# RECORDED INFORMATION
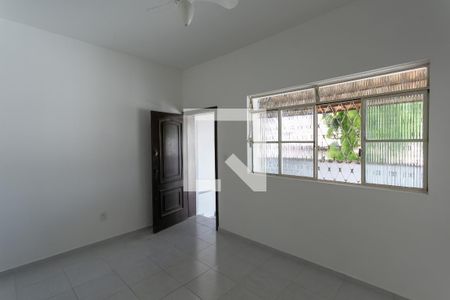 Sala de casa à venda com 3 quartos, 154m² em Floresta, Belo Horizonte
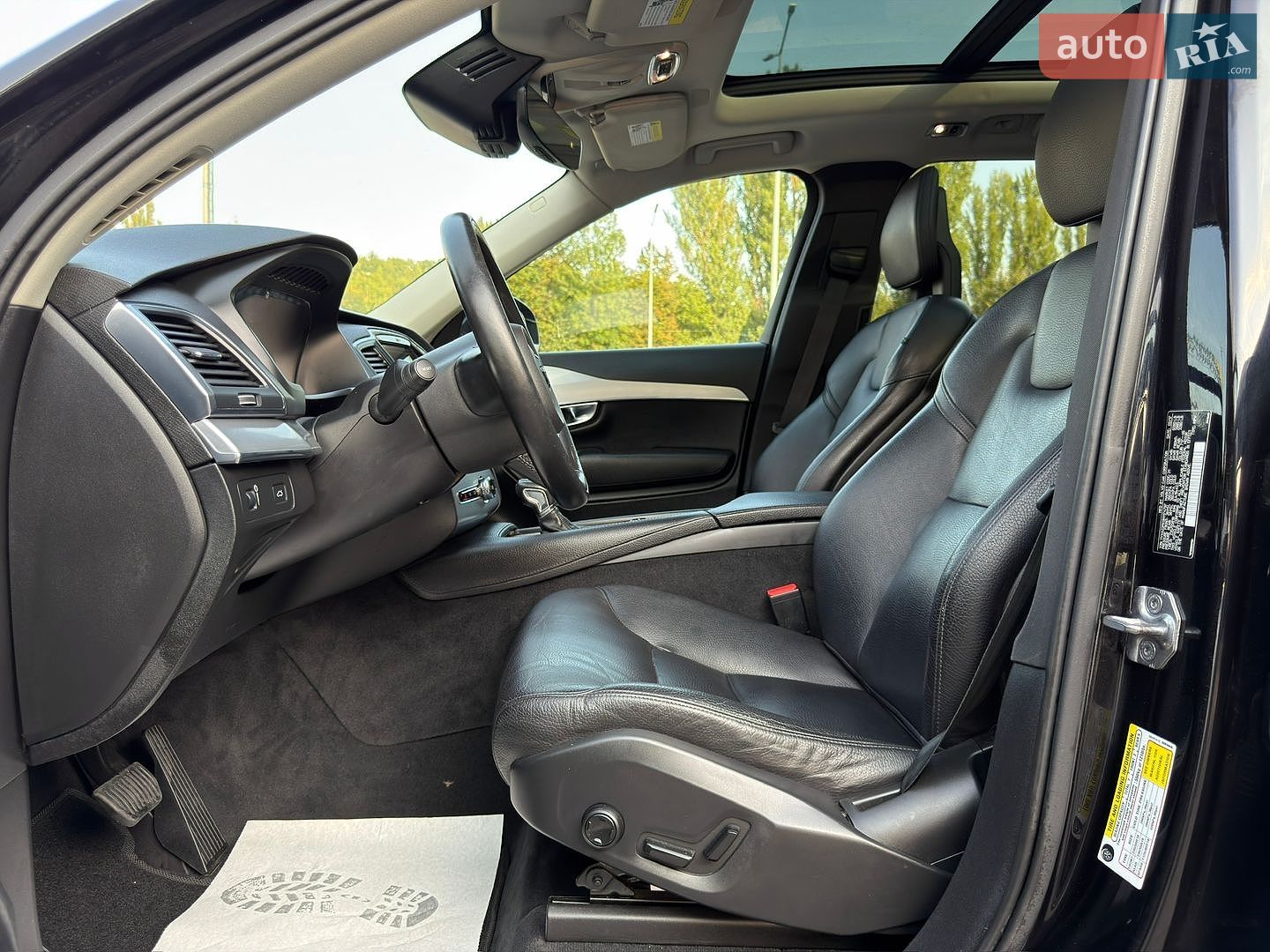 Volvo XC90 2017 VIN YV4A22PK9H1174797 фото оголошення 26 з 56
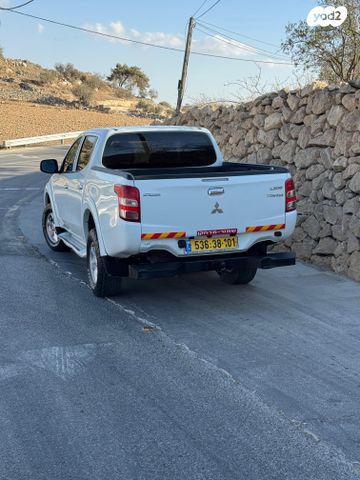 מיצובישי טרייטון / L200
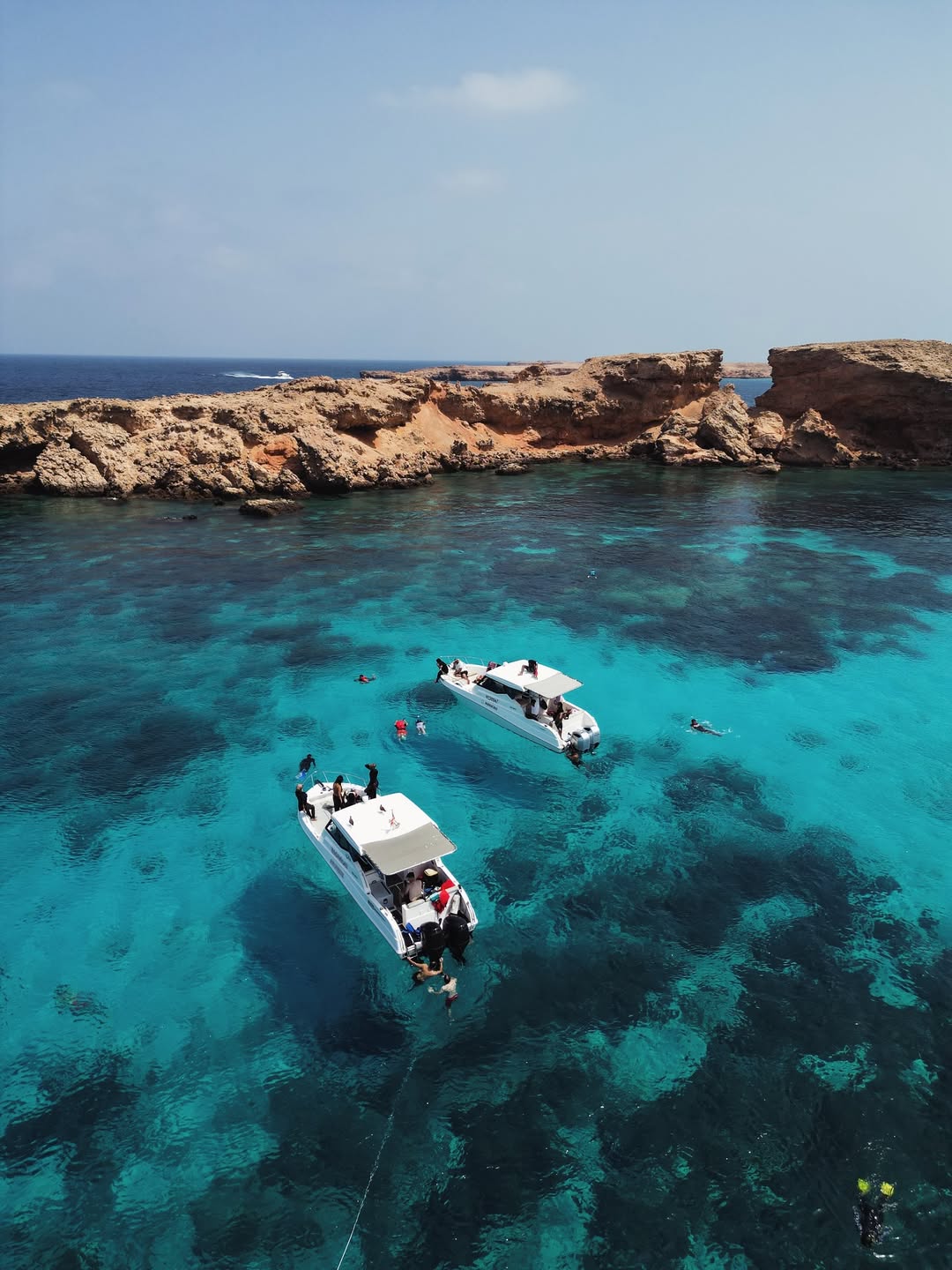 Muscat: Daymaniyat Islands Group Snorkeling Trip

# WHAT THE EXERCISE ASKS
Copy out the listing above exactly, and keep the pictures out of it.

# RESPONSE BOX
 Sala de casa à venda com 3 quartos, 154m² em Floresta, Belo Horizonte
 Volvo XC90 2017 VIN YV4A22PK9H1174797 фото оголошення 26 з 56
 מיצובישי טרייטון / L200
 Muscat: Daymaniyat Islands Group Snorkeling Trip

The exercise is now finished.